Pumpkin mission abandoned. I headed into the store instead for comfort food. I would eat my way out of this day. A half-dozen bagels, bag of Sun Chips, carton chocolate milk and pint of frozen yogurt later and we were finally going home. So I get out to the parking lot, Bella and my groceries in the shopping cart. I should have learned something when my stroller went flying earlier, but surely a shopping cart is sturdier than my umbrella stroller, right? WRONG.
Just as I lifted Bella's car seat out of the cart the wind caught it and sent it careening across the lot, full speed, toward someone's shiny silver Audi. I had the baby in car seat, in my arms. I tossed her, and I mean tossed, into the back seat of my car, and took off running after the cart. Had I been in normal, mom-friendly shoes, I would have made it too. But oh no. My shoes were not mom-friendly at all and they let me down. My feet literally just slid out from under me and I did a full-on face plant onto the ground, peeling my face off the asphalt just in time to watch my cart crash full speed into the shiny pretty car.
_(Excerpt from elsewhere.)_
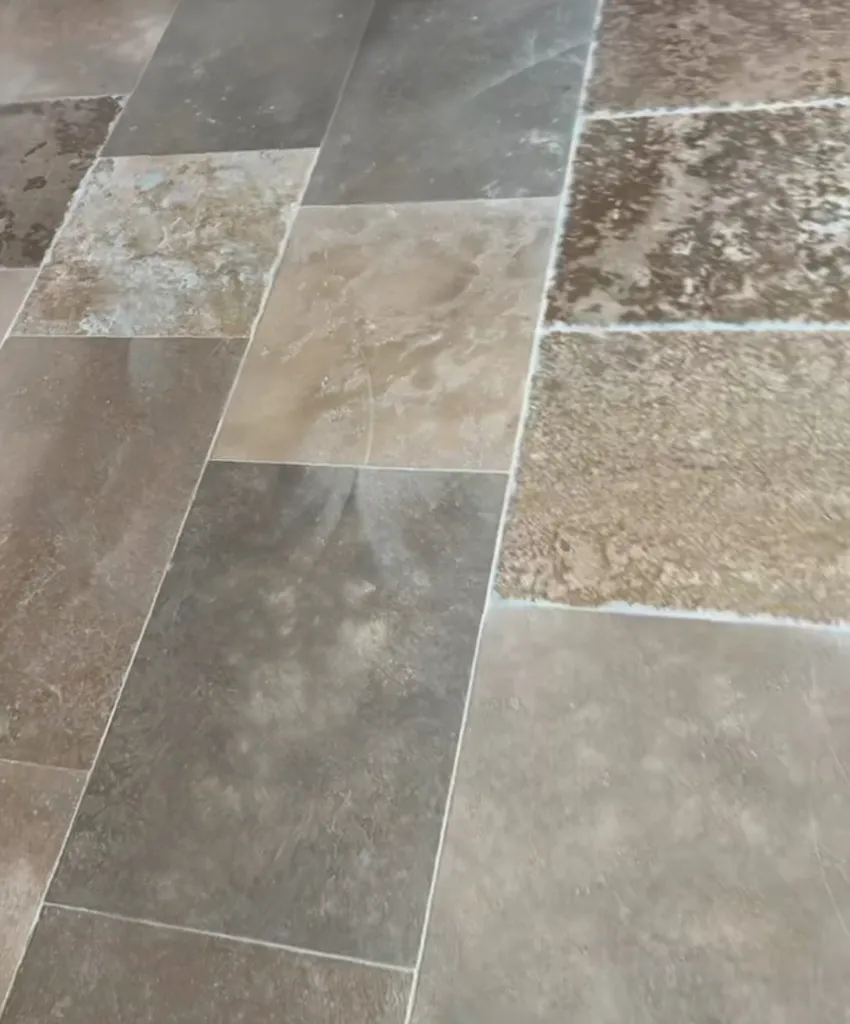 Old Stone Natural Stone Authentic : Vraie Pierre Naturelle Haut de Gamme, Meilleure Alternative aux Carrelages Imitation Pierre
I'm sorry person who owns that Audi. I really am. But this time there was nobody around to give me the look. I hope you take some comfort in the knowledge that I've already paid the karmic price for jumping into my car and speeding off without waiting to find you and tell you how I scratched your car. My good jeans are ripped. My knee is scraped and my thumb is still throbbing and bleeding. But mostly, my ego is bruised. Because just when you think you've got it all together, there's always a face-plant waiting in the wings to put you back into your place.
So where's the silver lining in this dreadful day? Well here it is. I got home and because my baby had missed her morning nap and had to wait until almost 2 p.m. to have her lunch, she was exhausted and went down for a three-hour nap. This allowed me to drink a hot cup of tea and curl up on the couch to nurse my wounds with Oprah and soap operas.
Oh, and also? I had an awesome celebrity sighting! As Gossip Girl would say, "Spotted: This fabulous fellow and his own flirty Entourage, skipping their way down Bloor Street all suited up for a special occasion and having a gay ol' time."
Oh Lloyd, how I love thee. Thank you for walking past as I struggled in the whipping wind to try and stop my baby from balling and save her blanket from blowing out again into traffic. I'm the one that you looked at. And I forgive you because you made me smile.